OLMo: Open Language Model

OLMo is a repository for training and using AI2's state-of-the-art open language models. It is built by scientists, for scientists.

First install PyTorch according to the instructions specific to your operating system.

To install from source (recommended for training/fine-tuning) run:

git clone https://github.com/allenai/OLMo.git
cd OLMo
pip install -e .[all]

Otherwise you can install the model code by itself directly from PyPI with:

pip install ai2-olmo

The core models in the OLMo family released so far are (all trained on the Dolma dataset):

To fine-tune an OLMo model using our trainer you'll first need to prepare your dataset by tokenizing it and saving the tokens IDs to a flat numpy memory-mapped array. See scripts/prepare_tulu_data.py for an example with the Tulu V2 dataset, which can be easily modified for other datasets.

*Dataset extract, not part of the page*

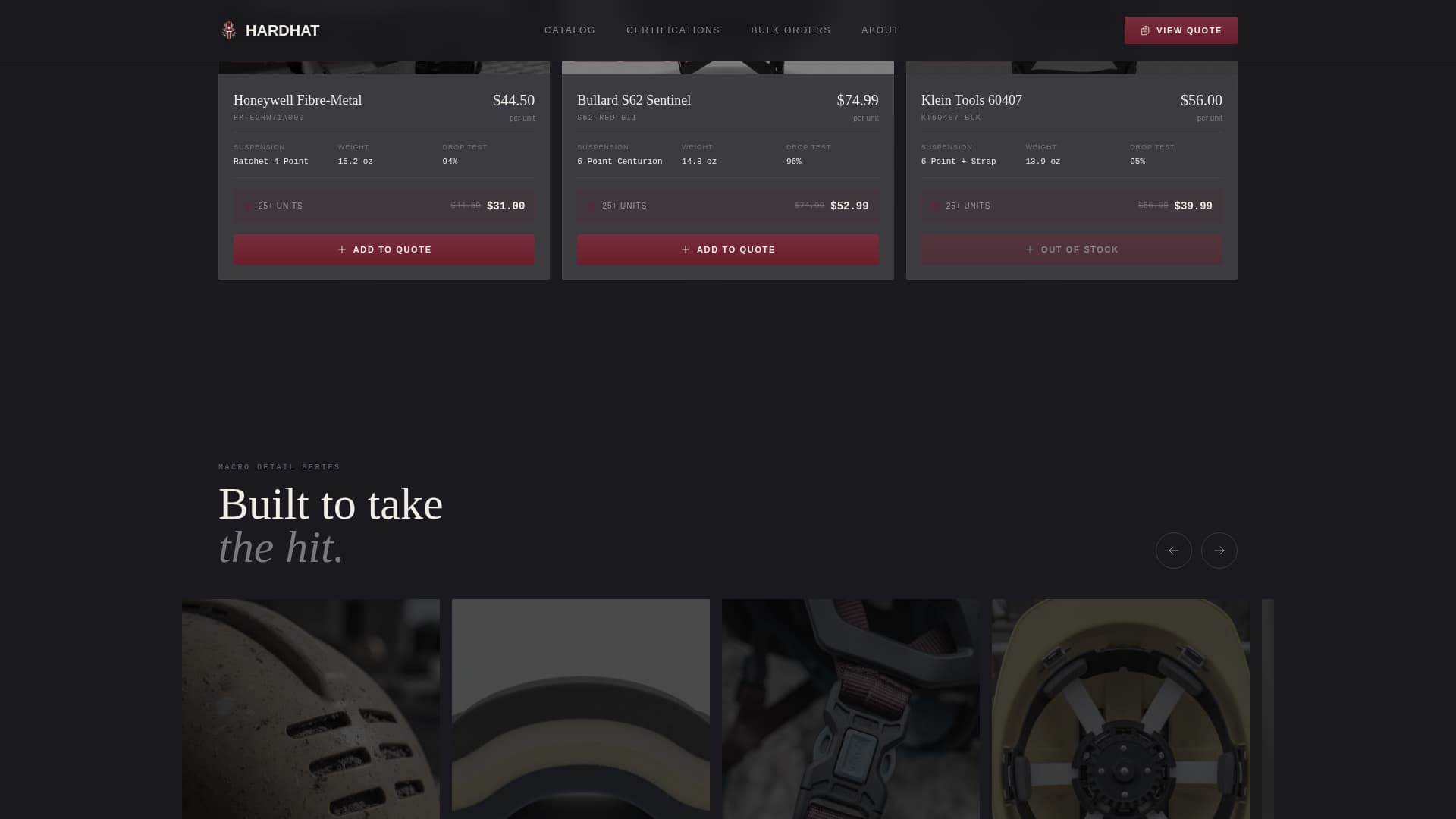 Hat & Headwear Brand Pricing Website Template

Next, prepare your training config. There are many examples in the configs/ directory that you can use as a starting point. The most important thing is to make sure the model parameters (the model field in the config) match up with the checkpoint you're starting from. To be safe you can always start from the config that comes with the model checkpoint. At a minimum you'll need to make the following changes to the config or provide the corresponding overrides from the command line:

• Update load_path to point to the checkpoint you want to start from.
• Set reset_trainer_state to true.
• Update data.paths to point to the token_ids.npy file you generated.
• Optionally update data.label_mask_paths to point to the label_mask.npy file you generated, unless you don't need special masking for the loss.
• Update evaluators to add/remove in-loop evaluations.

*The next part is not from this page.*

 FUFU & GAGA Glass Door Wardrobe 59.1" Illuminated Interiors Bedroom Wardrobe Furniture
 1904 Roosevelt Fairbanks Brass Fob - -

Once you're satisfied with your training config, you can launch the training job via torchrun. For example:

torchrun --nproc_per_node=8 scripts/train.py {path_to_train_config} \
    --data.paths=[{path_to_data}/input_ids.npy] \
    --data.label_mask_paths=[{path_to_data}/label_mask.npy] \
    --load_path={path_to_checkpoint} \
    --reset_trainer_state

Note: passing CLI overrides like --reset_trainer_state is only necessary if you didn't update those fields in your config.

You can utilize our HuggingFace integration to run inference on the olmo checkpoints:

from hf_olmo import * # registers the Auto* classes

from transformers import AutoModelForCausalLM, AutoTokenizer

olmo = AutoModelForCausalLM.from_pretrained("allenai/OLMo-7B")
tokenizer = AutoTokenizer.from_pretrained("allenai/OLMo-7B")

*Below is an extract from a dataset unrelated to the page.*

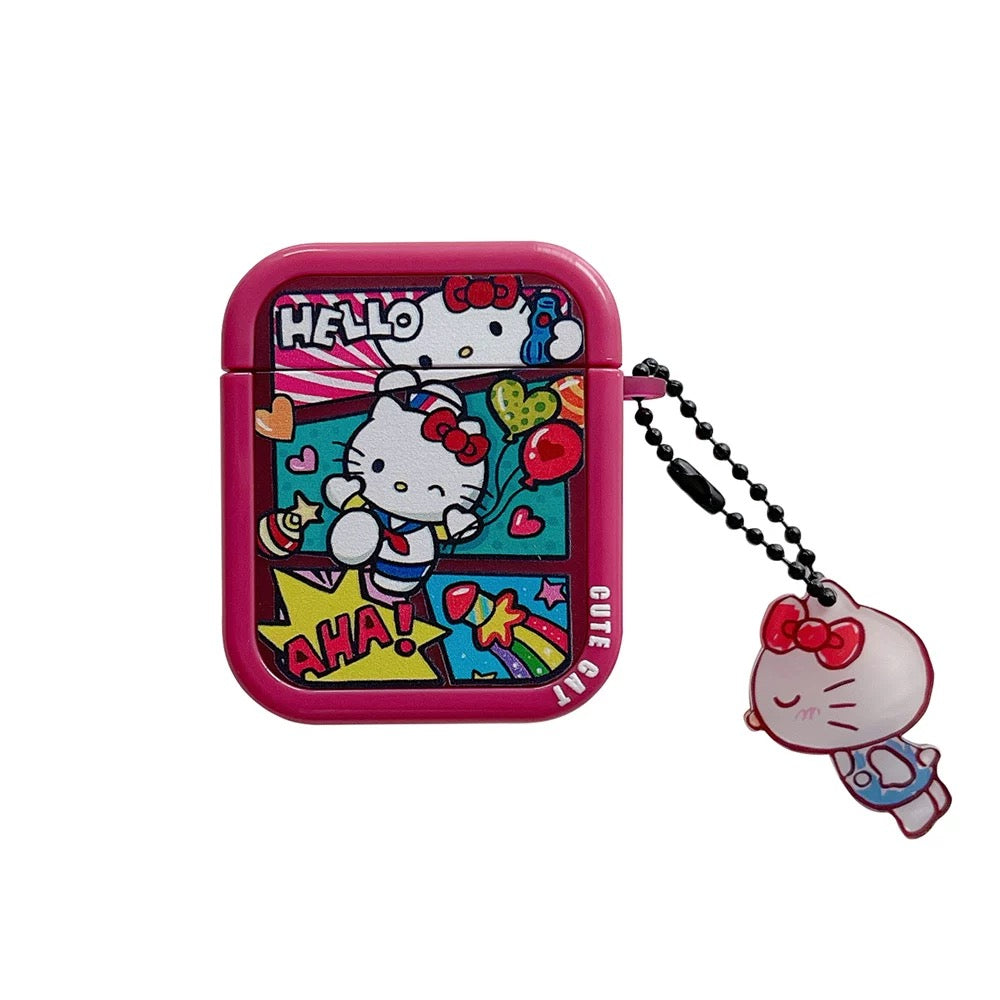 Japanese Cartoon Comics Hello Kitty Red with Keychain - AirPods AirPodsPro AirPods3 AirPods4 Case KawaiiGiftLand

message = ["Language modeling is "]
inputs = tokenizer(message, return_tensors='pt', return_token_type_ids=False)
response = olmo.generate(**inputs, max_new_tokens=100, do_sample=True, top_k=50, top_p=0.95)
print(tokenizer.batch_decode(response, skip_special_tokens=True)[0])

Alternatively, with the huggingface pipeline abstraction:

from transformers import pipeline
olmo_pipe = pipeline("text-generation", model="allenai/OLMo-7B")
print(olmo_pipe("Language modeling is"))

If you finetune the model using the code above, you can use the conversion script to convert a native OLMo checkpoint to a HuggingFace-compatible checkpoint

python hf_olmo/convert_olmo_to_hf.py --checkpoint-dir /path/to/checkpoint

olmo = AutoModelForCausalLM.from_pretrained("allenai/OLMo-7B", torch_dtype=torch.float16, load_in_8bit=True)  # requires bitsandbytes

The quantized model is more sensitive to typing / cuda, so it is recommended to pass the inputs as inputs.input_ids.to('cuda') to avoid potential issues.

Additional tools for evaluating OLMo models are available at the OLMo Eval repo.